# Totally new to salt, advice on a 10 gallon?



## Mashiro (Dec 2, 2012)

Hi everyone! 

I have a 10 gallon tank that I'd like to convert to salt. I've watched several videos on Youtube, so I have a mild understanding of what I'd need. My major questions are on fish compatibility.

What all could I put in a 10 gallon tank? I'm very partial to seahorses or puffers, what would go good with them?

Also, I'm looking to get into corals as well. What are some good low-light beginner corals?


----------



## beaslbob (Oct 17, 2012)

Mashiro said:


> Hi everyone!
> 
> I have a 10 gallon tank that I'd like to convert to salt.

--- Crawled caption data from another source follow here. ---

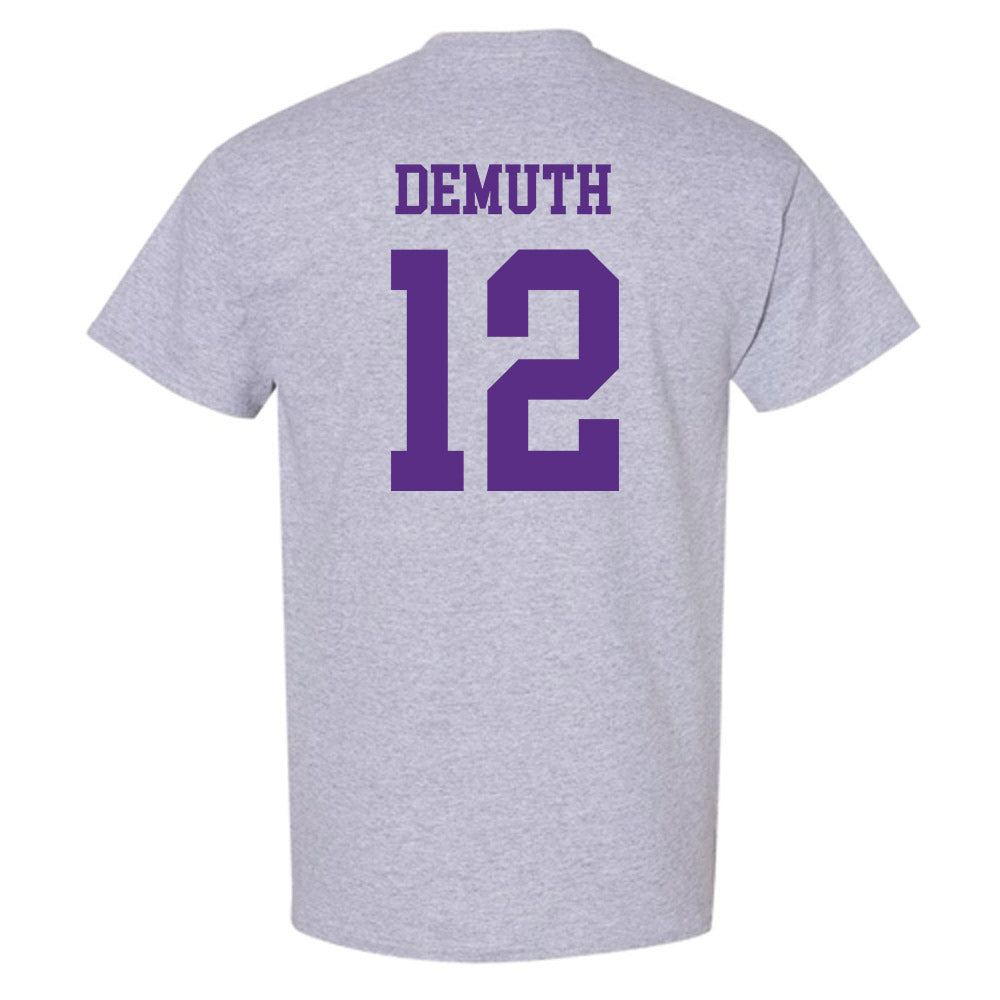 SBU - NCAA Women's Volleyball : Marissa Demuth - Classic Shersey T-Shirt-1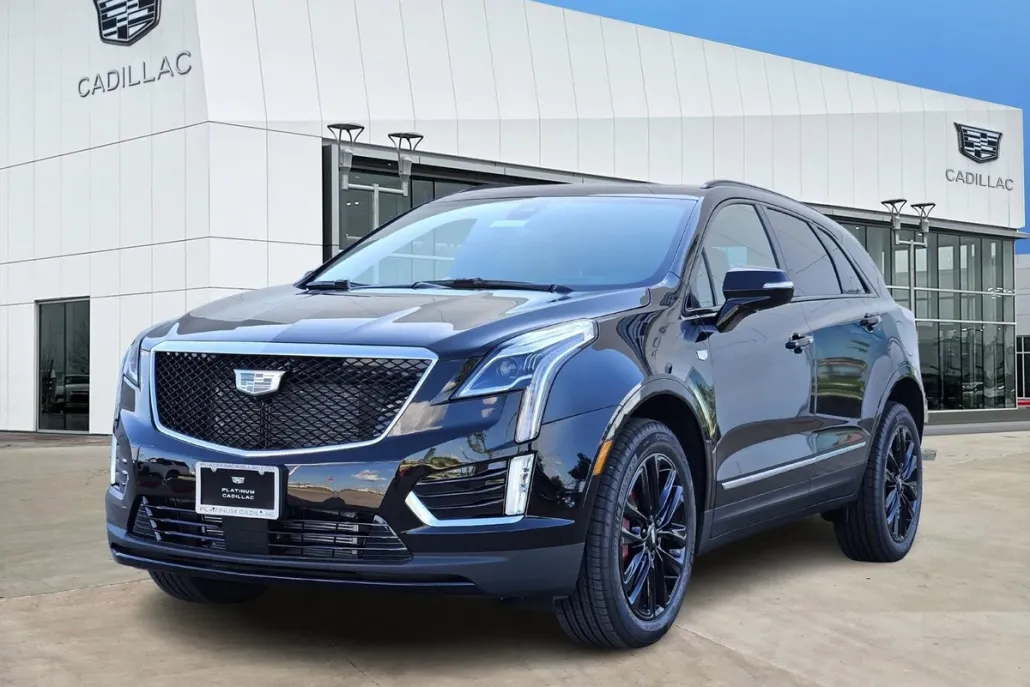 2025 Cadillac XT5 Sport photo 1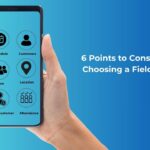 field sales app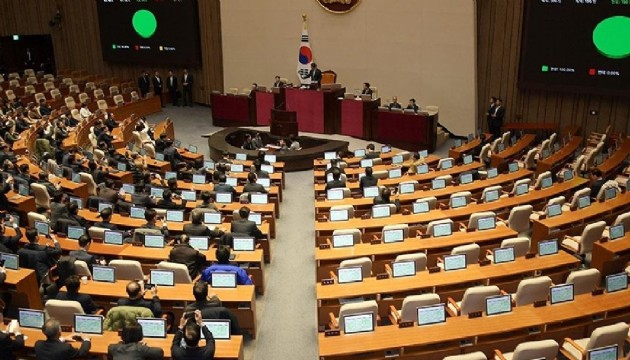 Güney Kore'de sıkıyönetim kurallarında değişiklik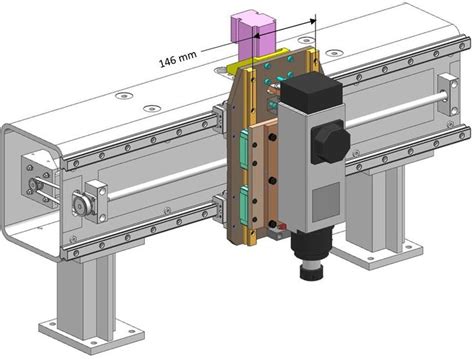 diy cnc router build fixed gantry steel diy cnc router diy cnc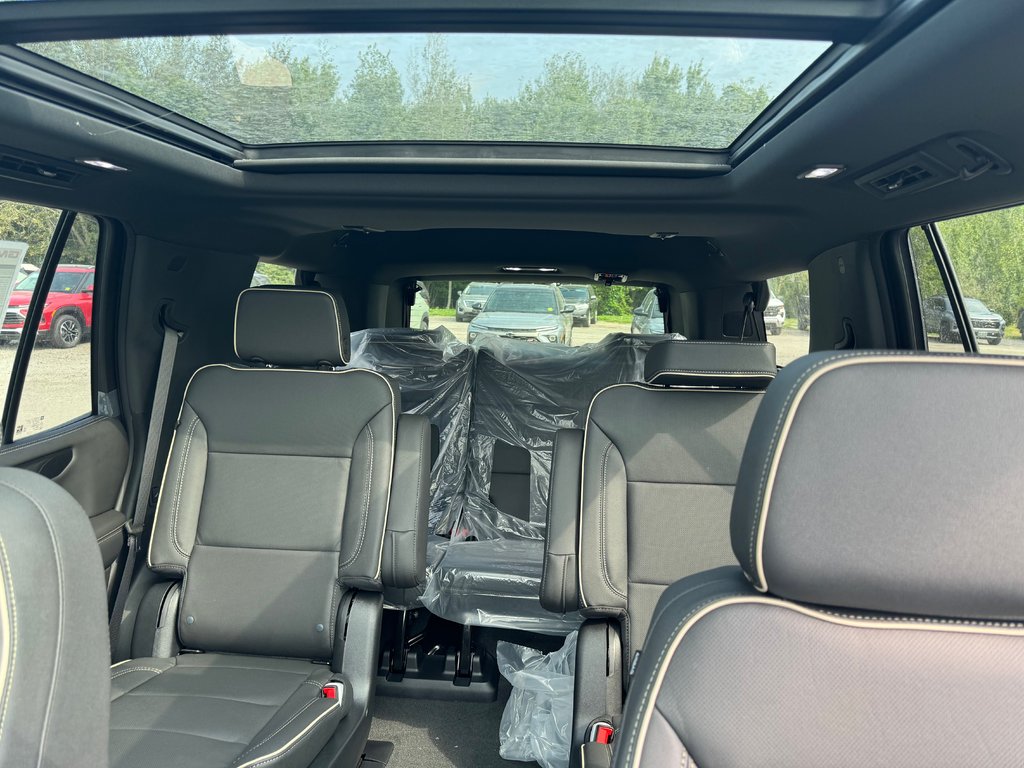 2025 GMC Yukon Elevation 4WD in Sturgeon Falls, Ontario - 9 - w1024h768px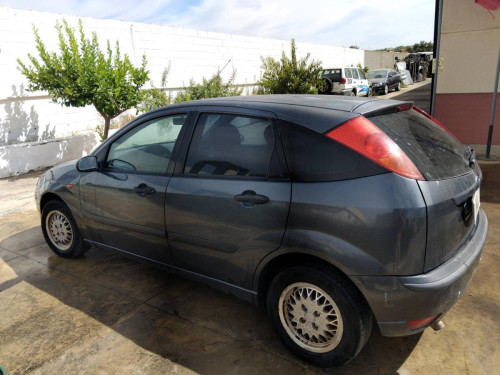 Ford Focus Berlina (CAK)(1998->) — автомобиль-донор на запчасти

I've watched several videos on Youtube, so I have a mild understanding of what I'd need. My major questions are on fish compatibility.
> 
> ...


 I think puffers are too small to a 10g.

I would start the tank with macro algaes. then do the rest.

Let the macros get going for a week then add a small male molly. and don't add food for a week.

then start feeding 1 flake per day..

After you have the molly in there for a couple of weeks try a marine fish.

Sea horses are nice but trickey to feed.

my .02


----------



## Mashiro (Dec 2, 2012)

If I were to get clown fish then? How many could I keep in the 10 gallon?


----------